Instructions for the task -> Your reply should contain nothing except the lines from the one with "Hotel Quinta do" through the end of the listing below, reproduced exactly and stripped of pictures.

Data shown ->
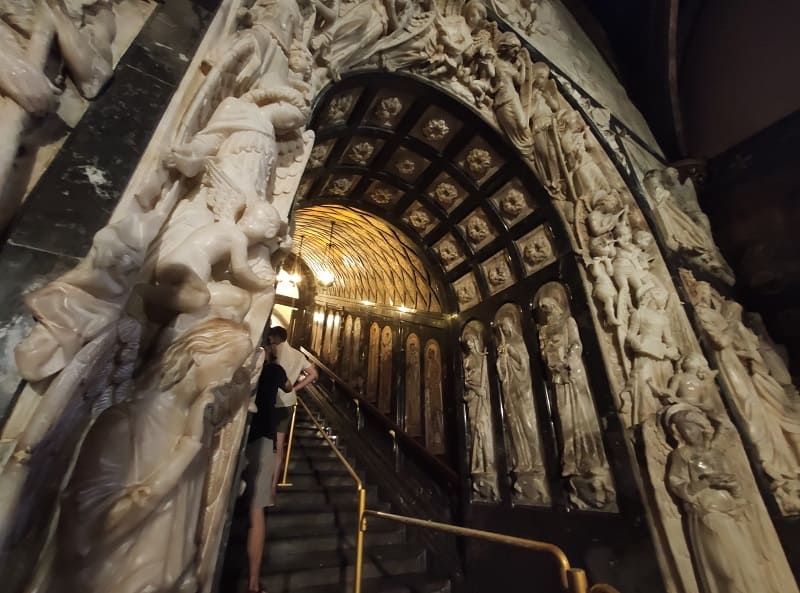 entrada a la parte trasera de la iglesia de Monserrat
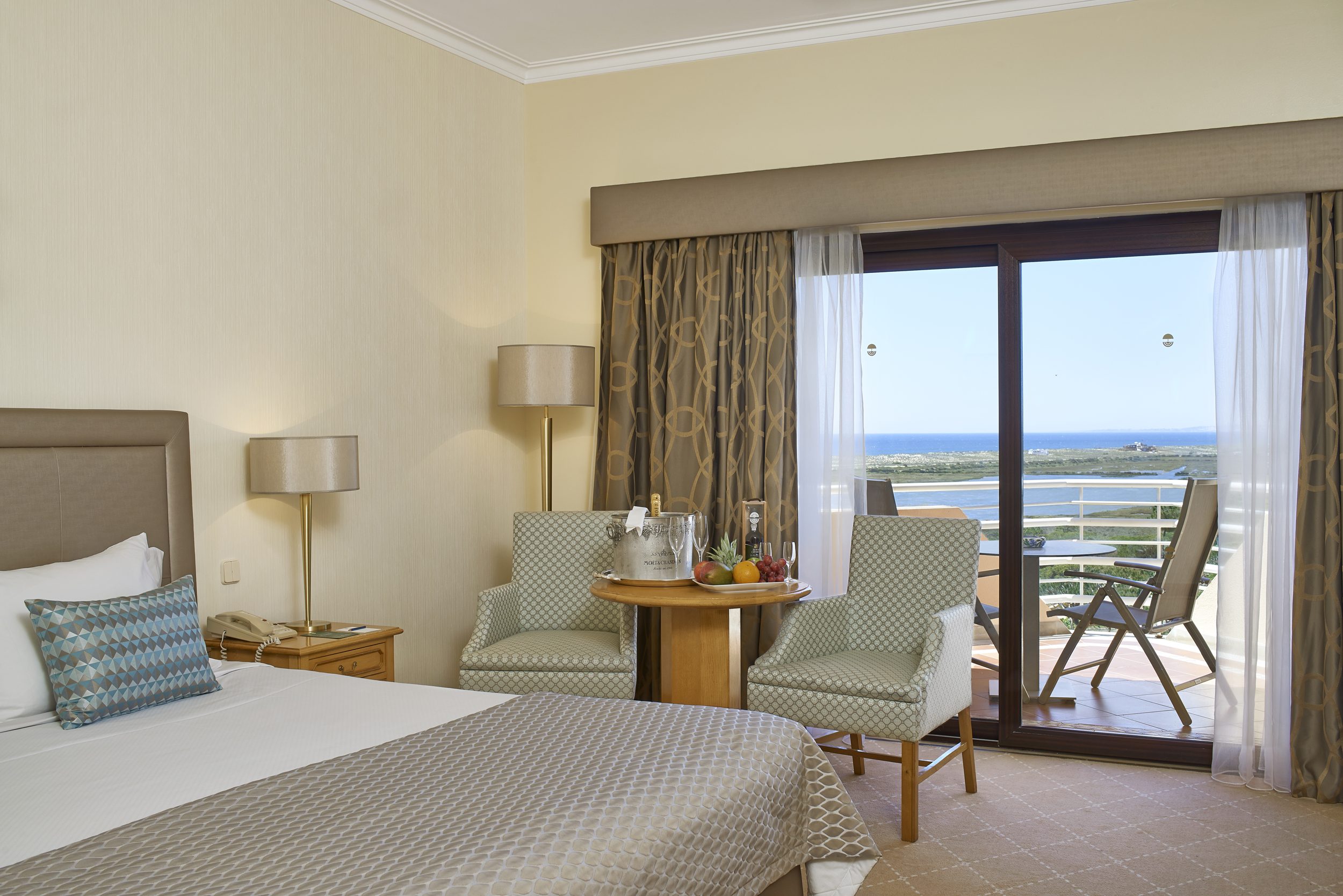 Hotel Quinta do Lago.020.Room. Lagoon Side - WeLoveGolfTravel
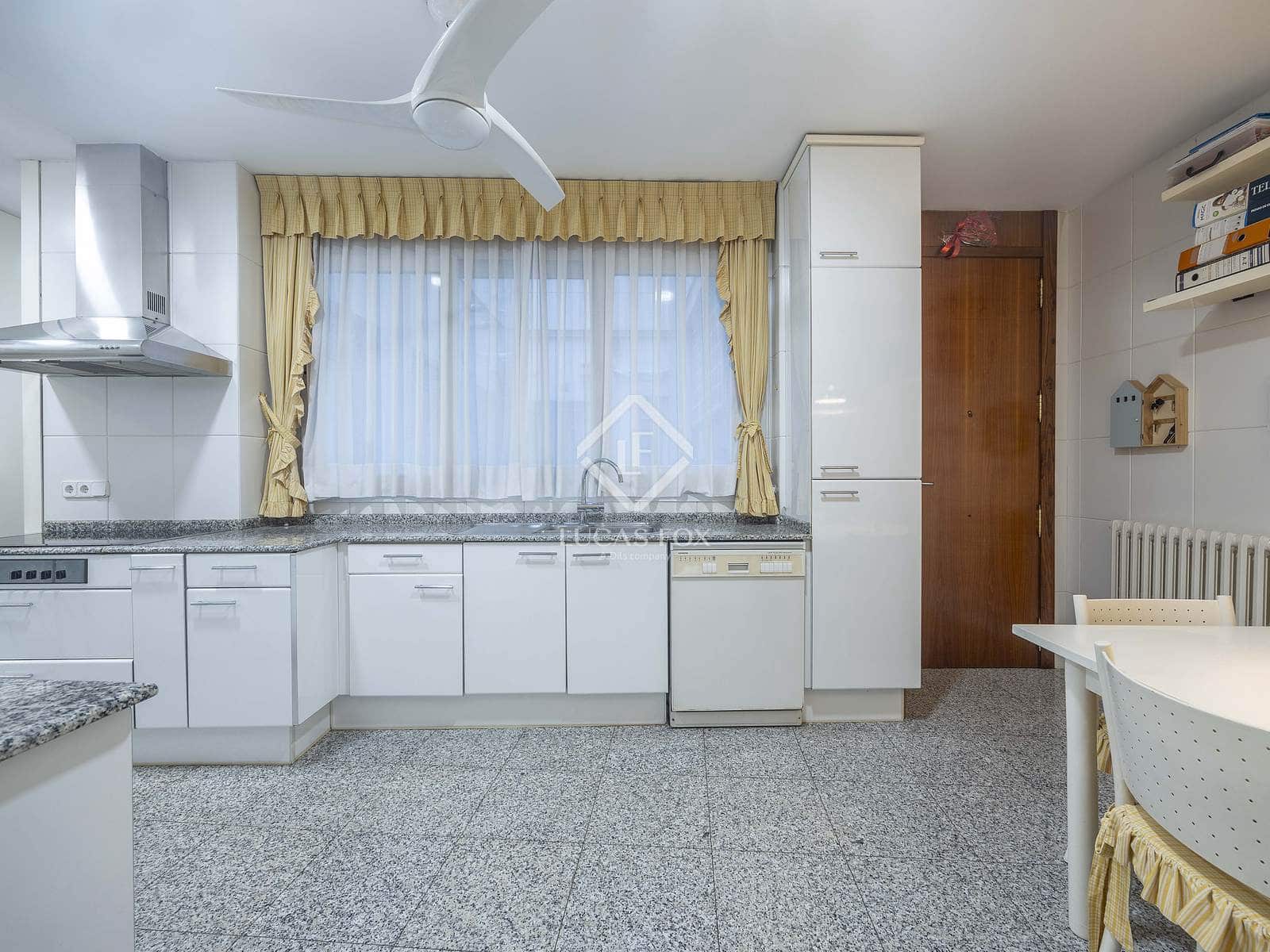 5 soveværelse Lejlighed til salg i Valencia by med garage - € 2.600.000 (Ref: 9372086)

Response box ->
 Hotel Quinta do Lago.020.Room. Lagoon Side - WeLoveGolfTravel
 5 soveværelse Lejlighed til salg i Valencia by med garage - € 2.600.000 (Ref: 9372086)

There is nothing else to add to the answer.